La tendencia es cada vez más fuerte e intensa. La verdad no atrae, no convence, no enamora. Y tampoco es que la mentira se haya puesto de moda. Desde los inicios de la humanidad, hemos virado entre la verdad y las mentiras. Desde los relatos de los hechos –que creíamos ajustarnos de la manera más ortodoxa– hasta las fábulas y los mitos. Jamás hemos perseguido la pura verdad. Y siempre nos fascinó aquello que suena increíble, fuera de lugar, que es grandilocuente. Jamás la verdad plana, simplona.
El mundo moderno –el de las redes sociales, el del scrolling y la instantaneidad– ya no permite narraciones ricas y complejas. Sólo se acepta aquellas “verdades” que ratifican determinadas posturas o perspectivas tribales. Aquella “verdad” que está, de alguna manera, alineada a una visión muy específica del mundo.
Por ejemplo, en una reunión de negocios, un empresario sostenía que su negocio crecía o se contraía, de acuerdo a las llamaradas del sol. Y que, en este momento, de crisis económica, la contracción se debe, precisamente, a esa enorme llamarada solar que está afectando a todo el mundo y, por consiguiente, a la economía en su conjunto. Un fenómeno que, al parecer, de acuerdo a esa mirada, sucede cada siete años. Es decir, cada septenio una llamarada solar, arruinará nuestra economía y estabilidad social y política.
Pero eso no es lo curioso. Los efectos nocivos de esa degeneración de la narración, por lo menos, lógica o coherente, de las historias, está vapuleando a todo el mundo.

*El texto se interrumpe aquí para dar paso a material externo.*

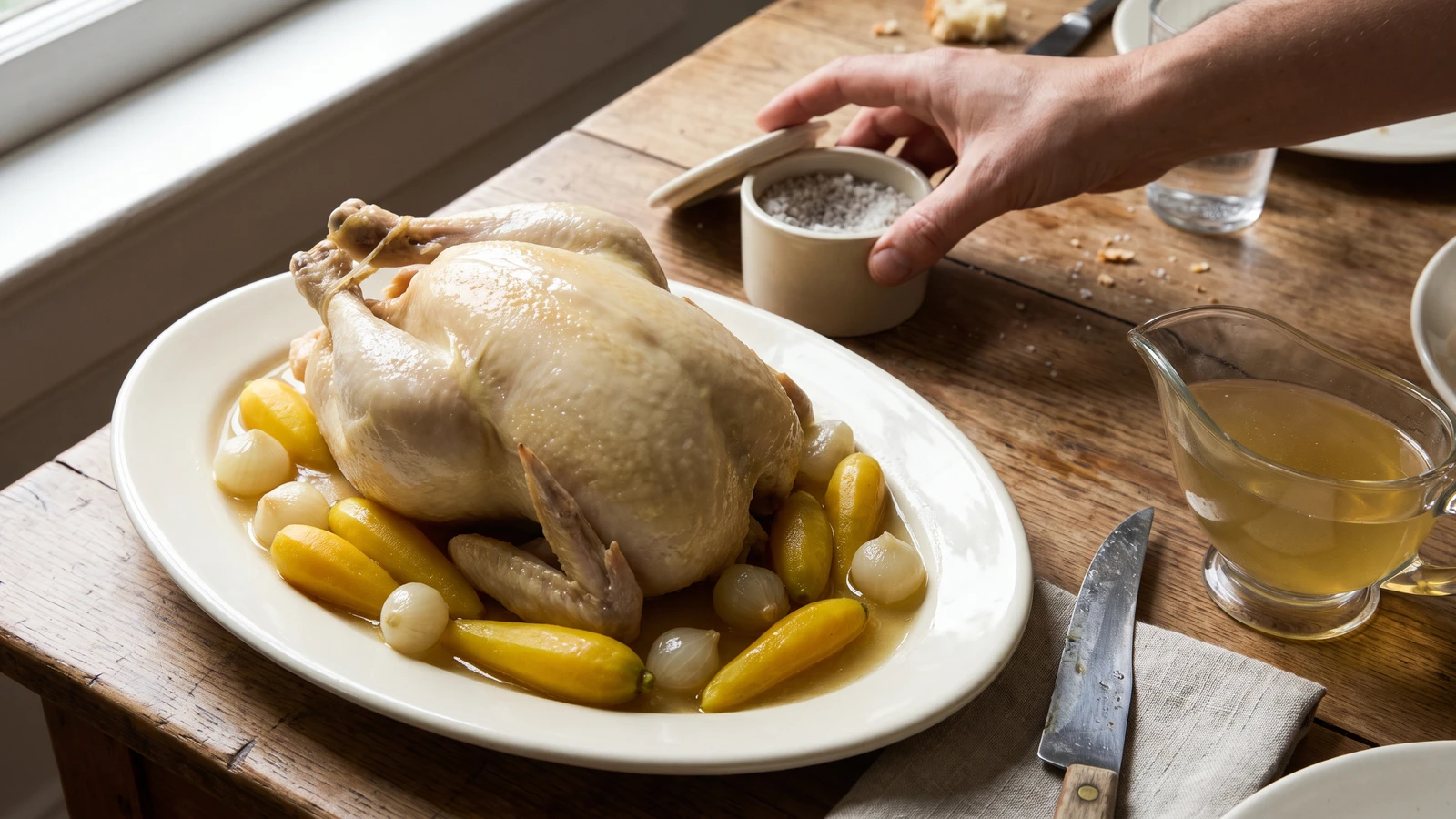 Poularde au Gros Sel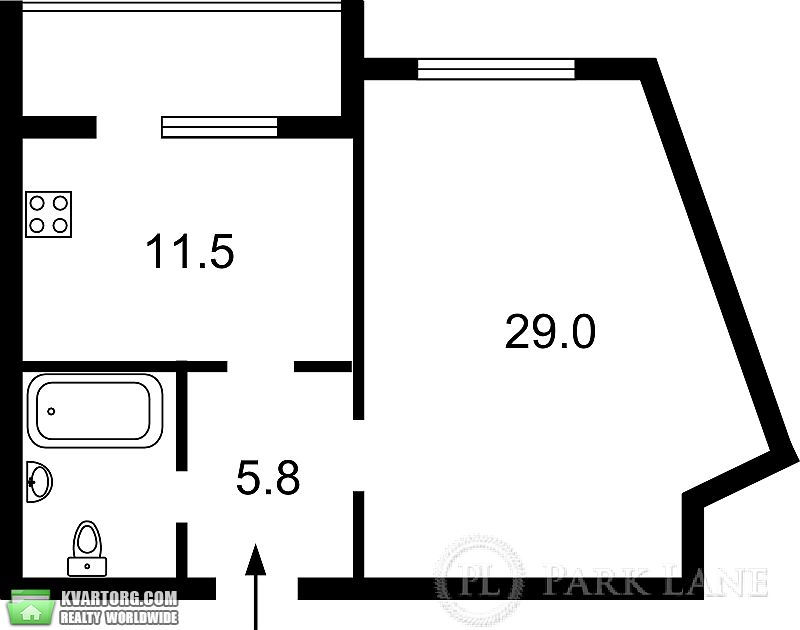 Sell 1-room apartment. Киев,  Чавдар — photo 6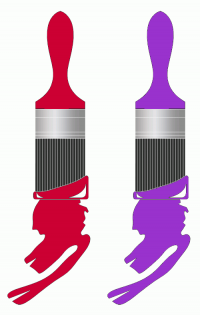 ColorCombo4879 with Hex Colors #CC0033 #9932CD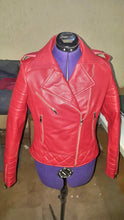 Women Leather Motorcycle Jacket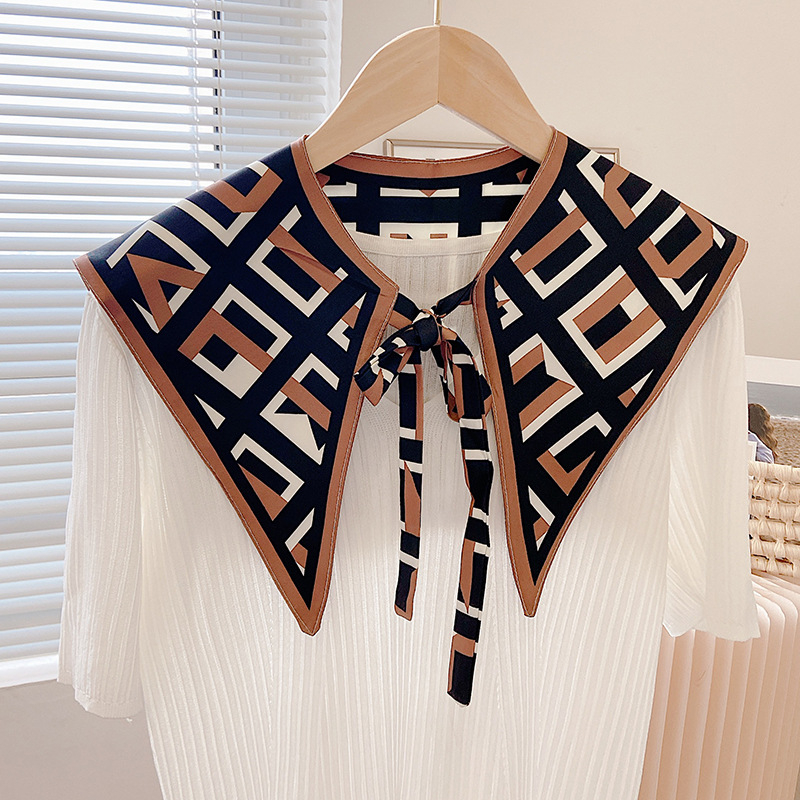 Γυναικείο καλοκαιρινό εξωτερικό γιλέκο από Ice Silk με γκραφίτι εκτύπωση, λεπτό πλέξιμο, δέσιμο φουλάρι και ψεύτικος γιακά, διακοσμητικό σάλι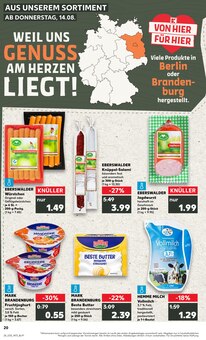 Milch im Kaufland Prospekt "KNÜLLER" mit 58 Seiten (Cottbus)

Y puede ser que la llamarada tenga una base filosófica – porque científica no creo-, que hipnotiza a una comunidad específica que mira el sol atentamente. Y lo hace porque ayuda a comprender un contexto que parece no tener lógica alguna.
Ya en los tiempos de la antigüedad, cuando el ser humano empezó a estacionarse y fundar pequeños pueblos y dejamos de ser nómadas, los viejos de la aldea les advertían a los más jóvenes – curiosos y avezados por descubrir nuevos mundos -, que más allá de las montañas “habitaban los leones”. Con ese relato, metían miedo y evitaban la fuga de sus integrantes. Era su “llamarada solar” que se tomaba como verdadera.
Y ahora, en estos tiempos de la esclavitud del teléfono inteligente, que se auto valida como una religión extremista, de convertirse en un rosario moderno y que es, a la vez, un confesionario portátil a nivel mundial, ya no existen los leones. No hay límites para crear “verdades”. Internet debe ser el oráculo más grande y mentiroso que la humanidad ha creado.
La pantalla digital ha sustituido esa fogata tribal y la ha convertido en una gigantesca obra de teatro abarrotada de caretas y humo. Un lugar en el que los individuos representamos versiones ficticias de nosotros mismos ante nuestros pares y donde adaptamos constantemente apariencias, vidas y opiniones que se ajusten a las normas de la pantalla.
Yuval Noah Harari en su último libro “Nexus” o el filósofo surcoreano Byung-Chul Han en su libro “La crisis de las narrativas”, sostienen que esta forma inteligente de dominación nos pide constantemente que comuniquemos nuestras opiniones, necesidades y preferencias, que contemos nuestras vidas, que publiquemos, compartamos y demos me gusta a todos estos mensajes mentirosos, para sobrevivir. Nos hemos convertido en vendedores de historias, falsas, irreales, distorsionadas, fantásticas e ilusorias. Que son, al final del día: mentiras.
Los humanos nos hemos degenerado. Y se ha reducido –y lo más peligroso es que complacientemente– a una especie de datos monetizables que pueden ser controlados y explotados por un algoritmo.
Y en este camino, hemos perdido nuestra individualidad, nuestra humanidad, nuestra capacidad de contar narrativas convincentes, reales o casi verdaderas. Y hemos extraviado este sendero de dieta verídica para convertirnos en espectadores que engordan –como ganado de consumo, como dice Han– en consumidores obesos de mentiras.
Ahora somos mentirosos congénitos digitales. La verdad ha muerto. ¡Vivan las llamaradas solares!